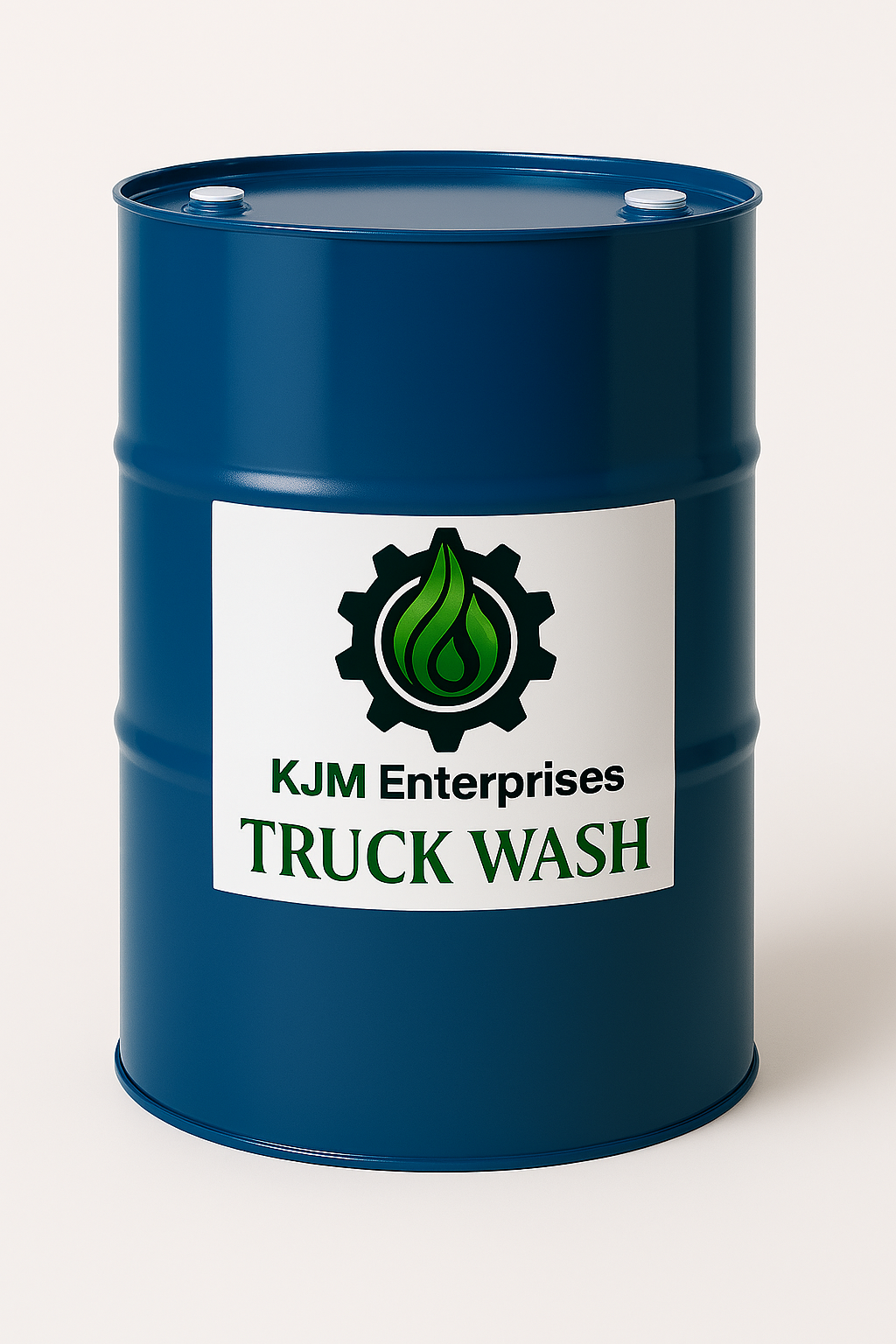 Truck Wash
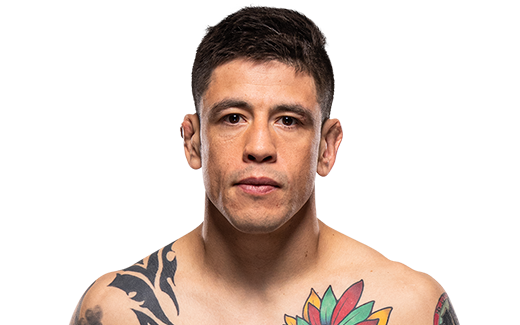 Brendon Moreno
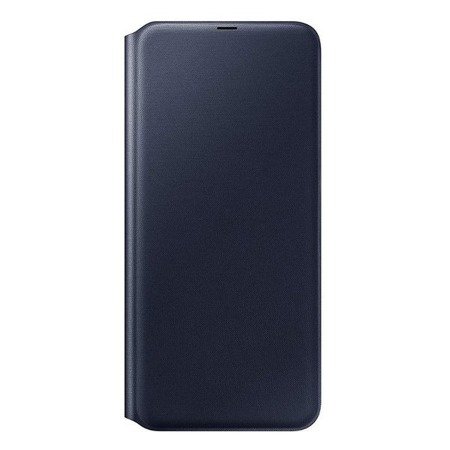 Samsung Galaxy A70 etui Wallet Cover EF-WA705PBEGWW - czarny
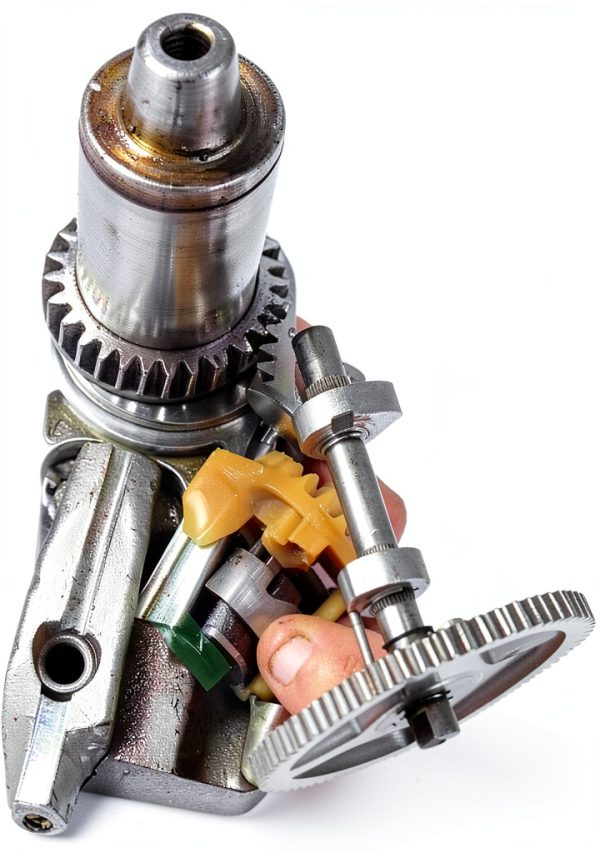 Camshaft Seal Braveboy Automotive Replacement-5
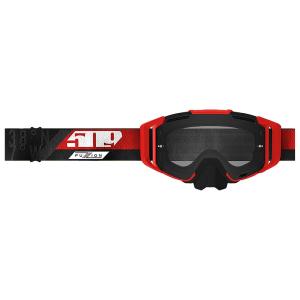 509 Sinister MX6 Fuzion Flow Goggles #205505-P Sale Footlocker Finishline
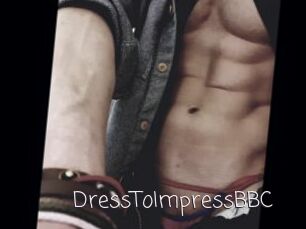 DressToImpressBBC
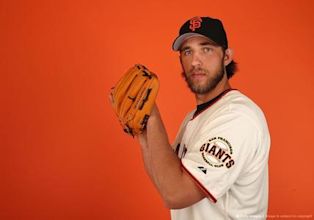 Madison Bumgarner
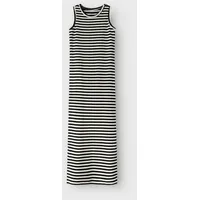 NAME IT Mädchen Nkfsuraja XSL Sl Maxi Dress Noos,
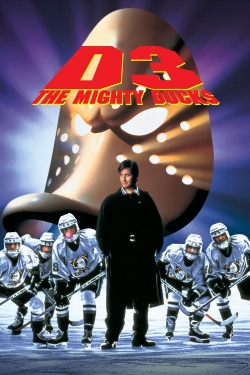 D3: The Mighty Ducks (1996) Official Image | AndyDay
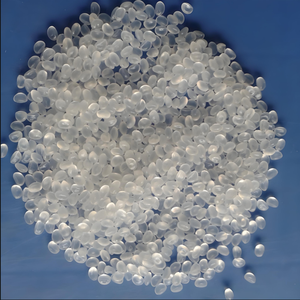 เม็ดพลาสติกโพลีโพรพิลีนบริสุทธิ์ SINOPEC PPH-T03(T30S) <span class=keywords><strong>MFR</strong></span> 3.0 เกรดราฟเฟีย สำหรับเส้นใย - Product Image 6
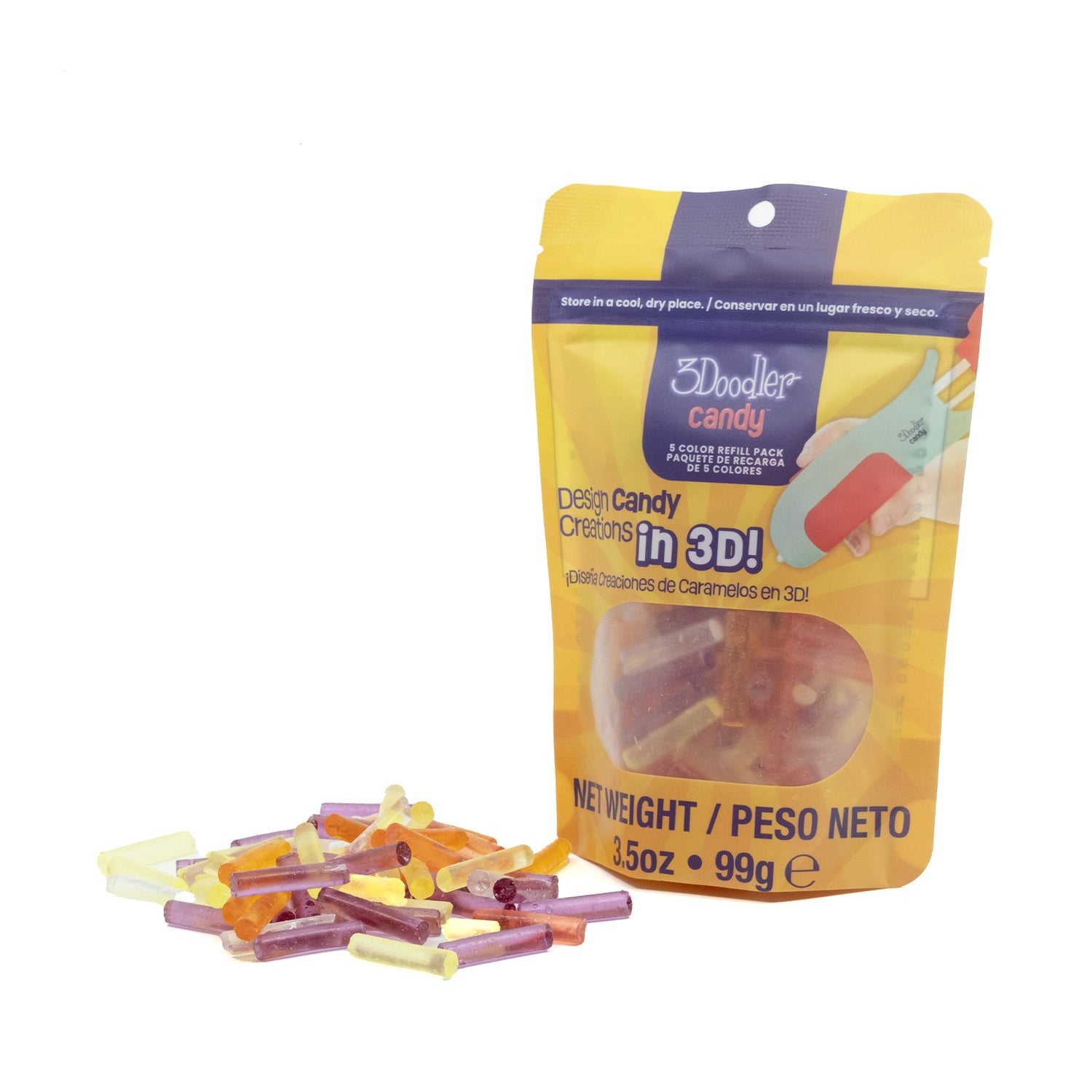 3Doodler Candy Refills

Exercise goal
Images stay out; the entries above are to be printed exactly.

Exercise output
 Truck Wash
 Brendon Moreno
 Samsung Galaxy A70 etui Wallet Cover EF-WA705PBEGWW - czarny
 Camshaft Seal Braveboy Automotive Replacement-5
 509 Sinister MX6 Fuzion Flow Goggles #205505-P Sale Footlocker Finishline
 DressToImpressBBC
 Madison Bumgarner
 NAME IT Mädchen Nkfsuraja XSL Sl Maxi Dress Noos,
 D3: The Mighty Ducks (1996) Official Image | AndyDay
 เม็ดพลาสติกโพลีโพรพิลีนบริสุทธิ์ SINOPEC PPH-T03(T30S) <span class=keywords><strong>MFR</strong></span> 3.0 เกรดราฟเฟีย สำหรับเส้นใย - Product Image 6
 3Doodler Candy Refills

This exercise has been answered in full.